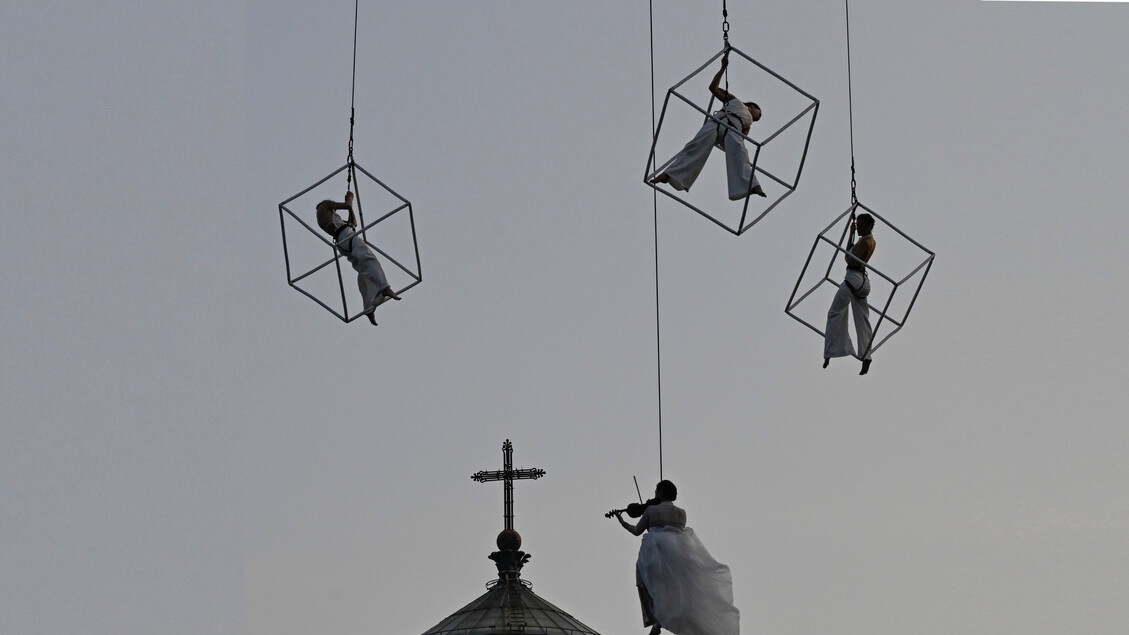 Tre ballerine e una violinista danzano in cielo, show a Napoli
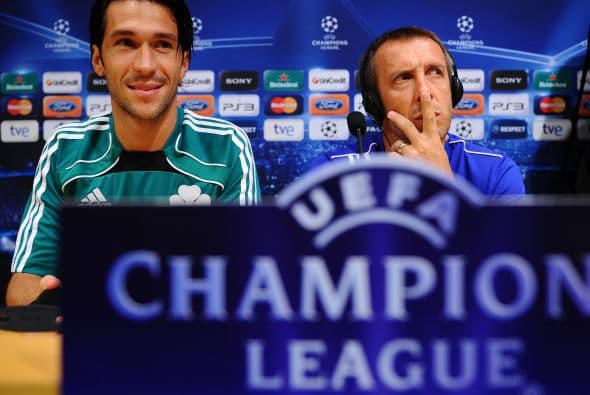 Un conocido del fútbol español y del Barcelona, Luis García, llegó al conjunto griego y también ficharon a Sidney Govou. No se puede decartar al Panathinaikos.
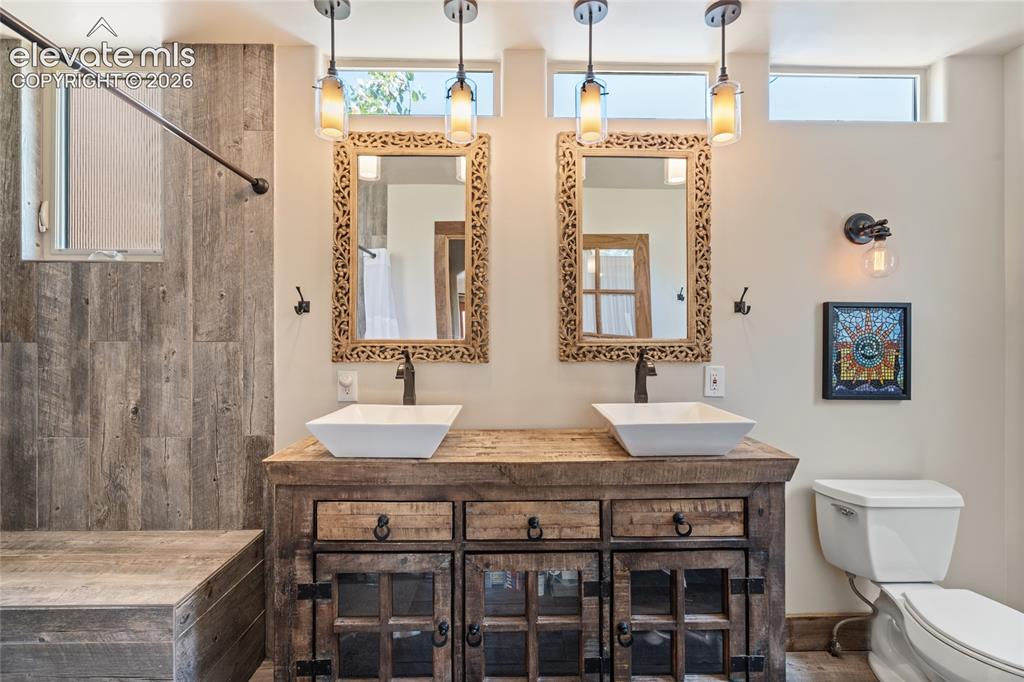 Image 13 of 38: Main house Primary Suite bathroom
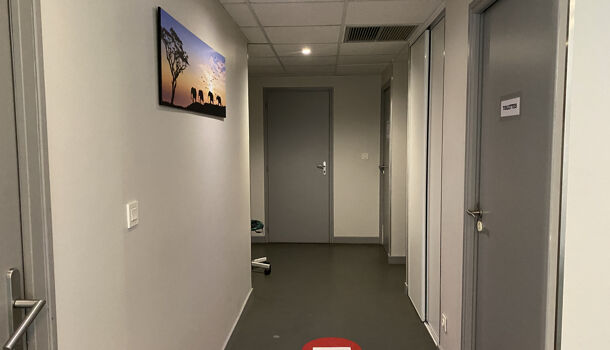 Local commercial 4 pièces  à vendre Guilherand-Granges 07500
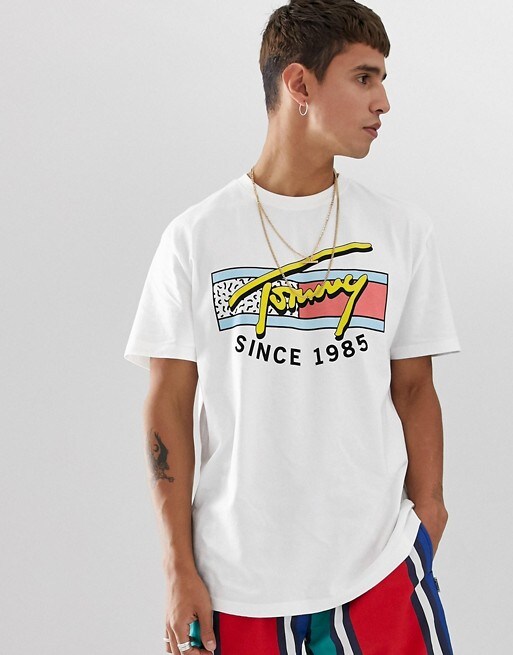 T-Shirt für Herren mit 90s Print von Tommy Jeans, erhältlich bei ASOS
==========
TASK BRIEF → Without the pictures, retype the whole of the material above exactly.

ANSWER TO THIS TASK →
 Tre ballerine e una violinista danzano in cielo, show a Napoli
 Un conocido del fútbol español y del Barcelona, Luis García, llegó al conjunto griego y también ficharon a Sidney Govou. No se puede decartar al Panathinaikos.
 Image 13 of 38: Main house Primary Suite bathroom
 Local commercial 4 pièces  à vendre Guilherand-Granges 07500
 T-Shirt für Herren mit 90s Print von Tommy Jeans, erhältlich bei ASOS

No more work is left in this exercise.